EXERCISE BRIEF
Once you find the line with "애슐리 치즈 갈릭스테이크" in the data below, transcribe exactly each line from there to the line with "Microsoft by the Numbers", inclusive, and nothing else. Drop the pictures.

SUPPLIED INFORMATION
---

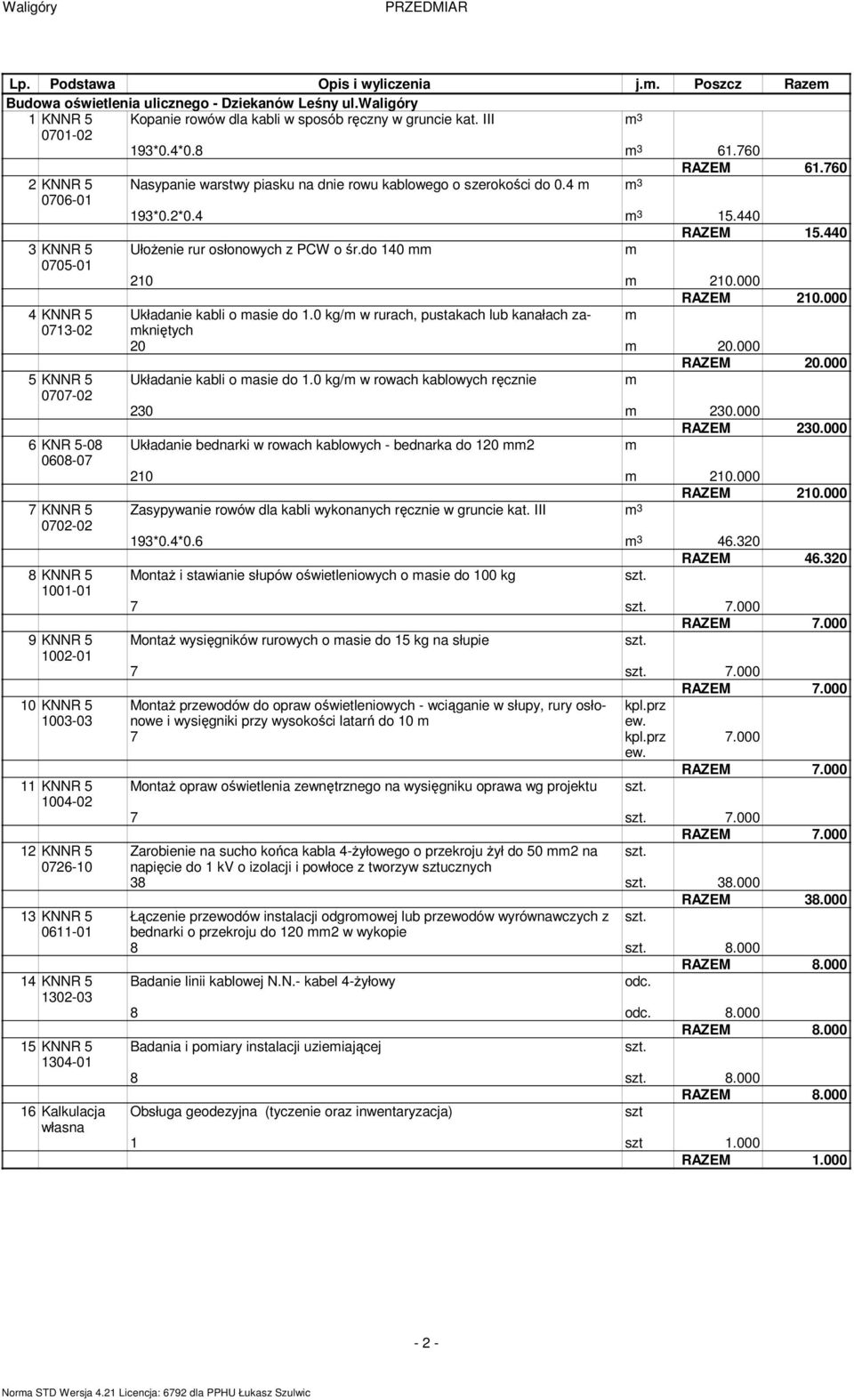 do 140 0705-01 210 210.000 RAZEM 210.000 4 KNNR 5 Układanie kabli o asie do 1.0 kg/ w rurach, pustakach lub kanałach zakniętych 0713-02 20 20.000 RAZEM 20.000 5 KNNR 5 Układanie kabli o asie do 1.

---

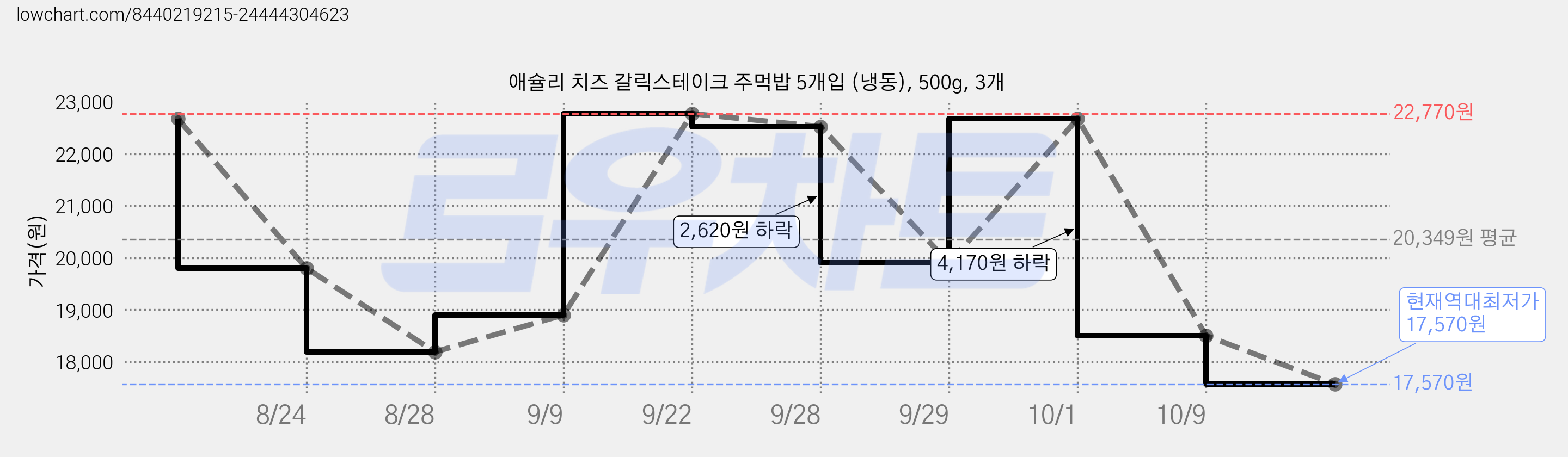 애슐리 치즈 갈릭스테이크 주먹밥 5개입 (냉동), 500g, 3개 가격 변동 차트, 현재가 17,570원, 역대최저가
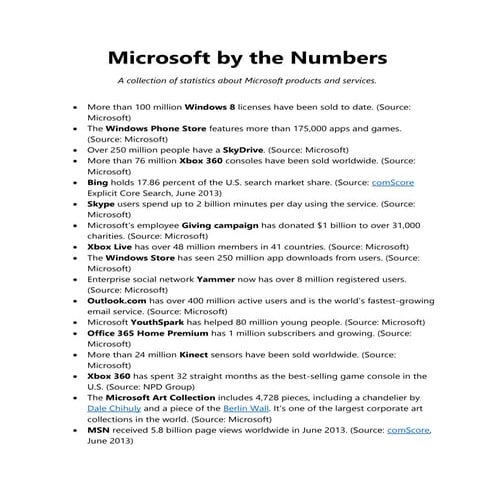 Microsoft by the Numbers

---

REPLY TO THE TASK
 애슐리 치즈 갈릭스테이크 주먹밥 5개입 (냉동), 500g, 3개 가격 변동 차트, 현재가 17,570원, 역대최저가
 Microsoft by the Numbers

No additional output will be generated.